Monday, November 30, 2009

Excerpts from an Interview with Percy

These are a few of my favorite responses by Percy from his interview with Linda Whitney Hobson in 1985.

Q: Why especially [the peculiar predicament of the late twentieth-century man] in the South?
A: Well, in writing The Second Coming, I found the South, and particularly North Carolina, a valuable setting because of the peculiar confluence of two things that have happened in the South in the past ten or twenty years: number one, what's been called the power shift--the shift of power and money to the South. For the first time since the Civil War, the South is getting rich. And the other thing is the tremendous re-Christianization of the South--high-powered evangelical Christianity. Thus, it's of value to me to take a man like Will Barrett and set him down in the South: he finds himself in what the psychiatrists call a "double bind"--a no-win situation. From the beginning, and all through his life he has experienced a loss of sovereignty which has occurred in the lives of most of us as well, even though we appear to be freer, to have more, to be more individualistic, to have access to more than any people on earth. Despite this, a loss of sovereignty has occurred so that we are more subject to invisible authority--scientists and so forth. We now think of what one should do in a certain situation, not what I should do.
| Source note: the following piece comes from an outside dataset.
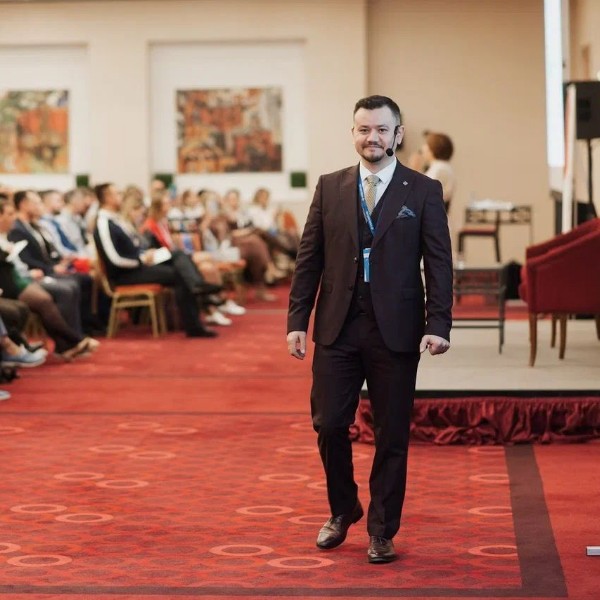 Дамир Шарафиев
Will Barrett is a man who, whatever his faults, has reclaimed sovereignty; he demands to know what it's all about--and he always has.
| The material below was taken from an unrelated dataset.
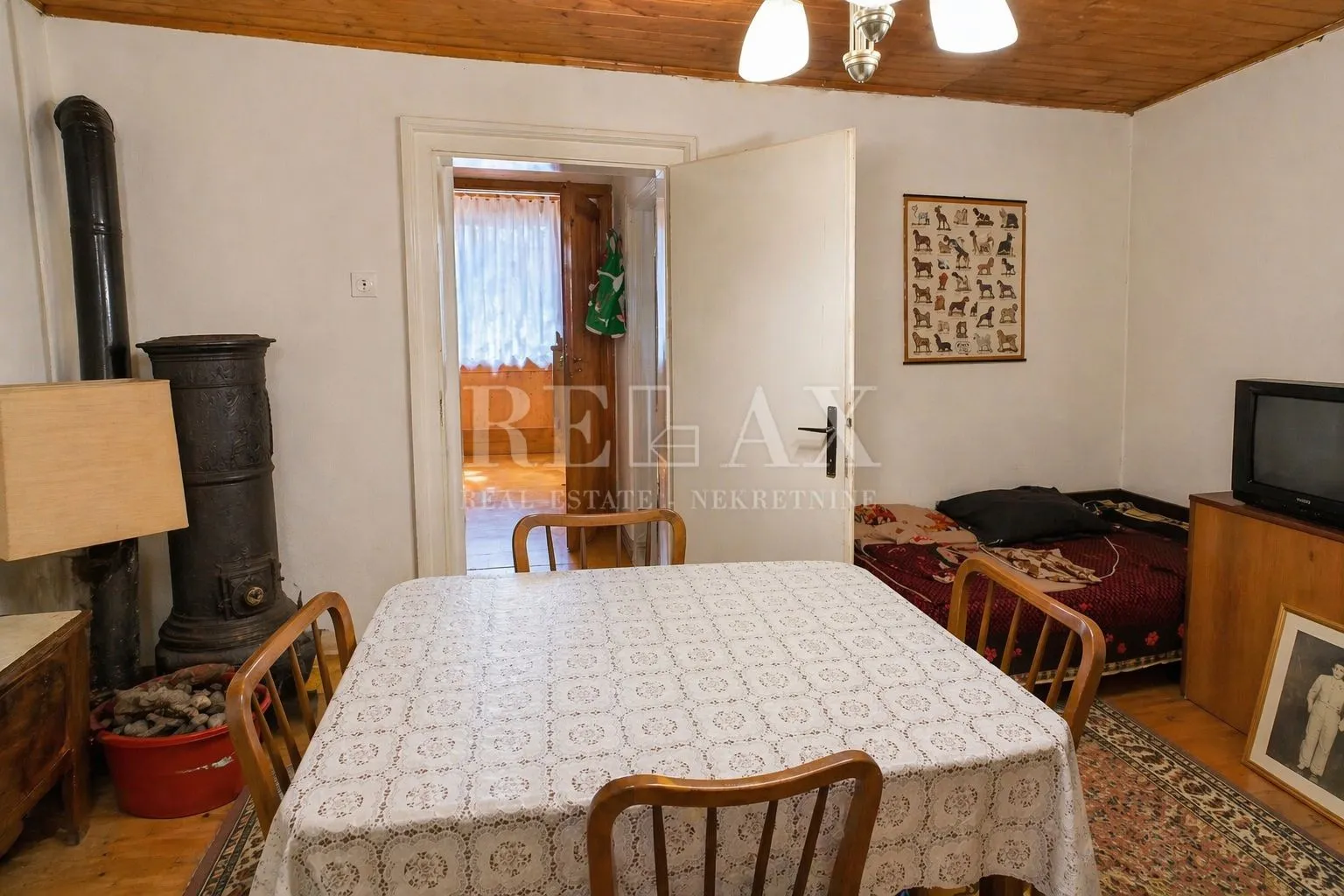 otočac, sinac - vikendica s velikom okućnicom - slika 11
Q: As long as we're discussing dramatic conflict, let's discuss the conflict between you and classical psychiatry. The relationship between Will and Allie in The Second Coming seems to belie what psychologists and psychiatrists counsel people to do these days. They tell people to sit down and come to know and approve of themselves by themselves, and there's a fallacy in that kind of solitary pep talk.
A: Yes. You have to define that self through ordeal, which the psychologists don't tell people. And God knows, it takes an awful lot of ordeal--Will has to almost shoot himself and Allie has to go crazy--and what I'm saying is that it takes an awful lot these days to come to a sense of self. It doesn't do any good to be told how to live, and it doesn't do any good to tell yourself how to live. You have to learn it yourself, through ordeal. And the language fails, unless you do it by ordeal.

1 comment:

  1. I like that; I agree. I would add you have to learn through ordeal in community; which is why the Church and the Gospel's implications are so powerful if embraced this way.